Dataset entries:
================
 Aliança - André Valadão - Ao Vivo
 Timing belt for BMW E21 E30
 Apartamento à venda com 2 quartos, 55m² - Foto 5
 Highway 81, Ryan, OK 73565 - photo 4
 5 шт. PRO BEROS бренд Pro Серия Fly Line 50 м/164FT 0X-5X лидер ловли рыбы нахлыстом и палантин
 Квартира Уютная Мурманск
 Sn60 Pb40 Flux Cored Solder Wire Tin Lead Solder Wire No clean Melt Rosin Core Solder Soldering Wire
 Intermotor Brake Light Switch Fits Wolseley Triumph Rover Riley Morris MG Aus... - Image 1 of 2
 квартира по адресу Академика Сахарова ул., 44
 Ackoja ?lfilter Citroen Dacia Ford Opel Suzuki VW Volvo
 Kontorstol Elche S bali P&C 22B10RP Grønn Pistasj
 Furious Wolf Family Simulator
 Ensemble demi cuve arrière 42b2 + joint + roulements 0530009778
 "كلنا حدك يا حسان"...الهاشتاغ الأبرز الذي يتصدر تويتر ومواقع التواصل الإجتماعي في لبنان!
================
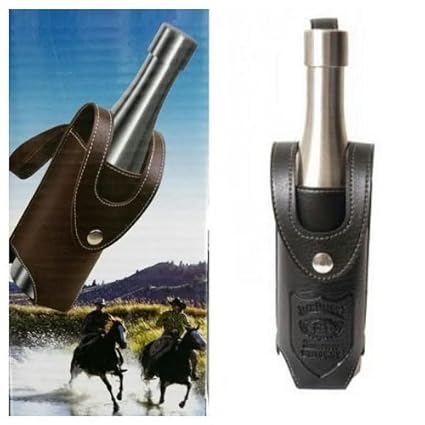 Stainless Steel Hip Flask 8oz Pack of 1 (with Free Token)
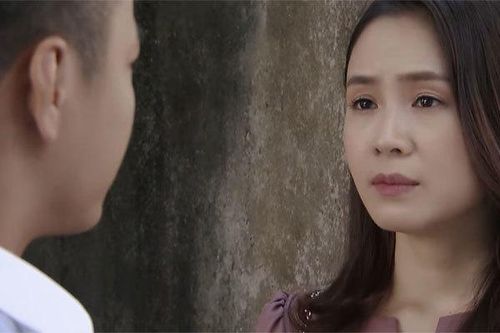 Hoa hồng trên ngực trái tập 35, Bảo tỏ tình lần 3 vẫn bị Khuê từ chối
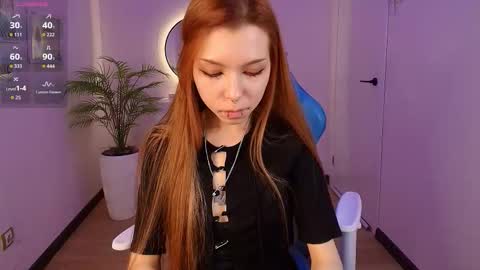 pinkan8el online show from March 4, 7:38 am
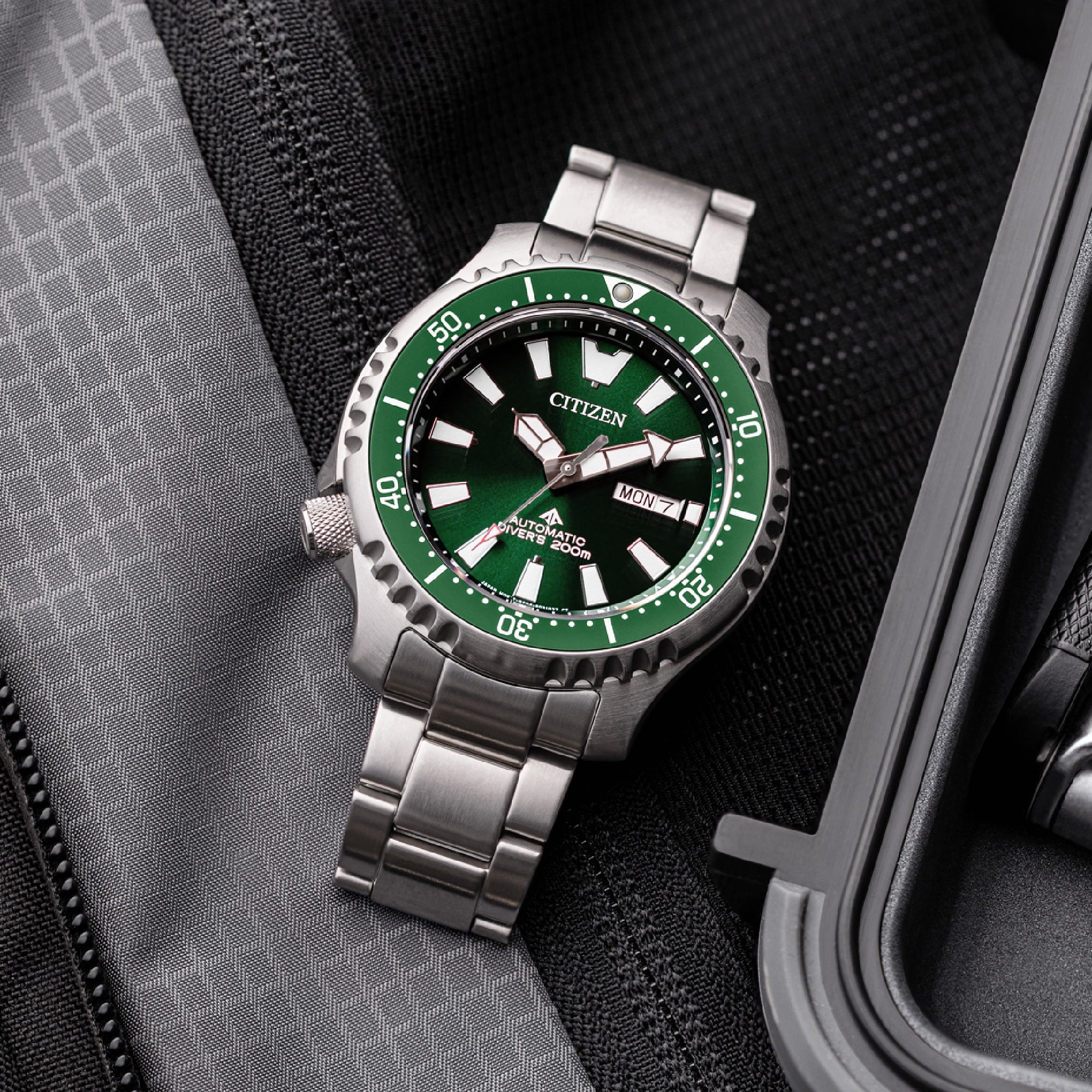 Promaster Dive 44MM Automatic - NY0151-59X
================
Description of the task:
What you return must be an exact retyping of the lines above starting at the line with "Ensemble demi cuve" and ending at the line with "الإجتماعي في لبنان!", and nothing besides.

Answer:
 Ensemble demi cuve arrière 42b2 + joint + roulements 0530009778
 "كلنا حدك يا حسان"...الهاشتاغ الأبرز الذي يتصدر تويتر ومواقع التواصل الإجتماعي في لبنان!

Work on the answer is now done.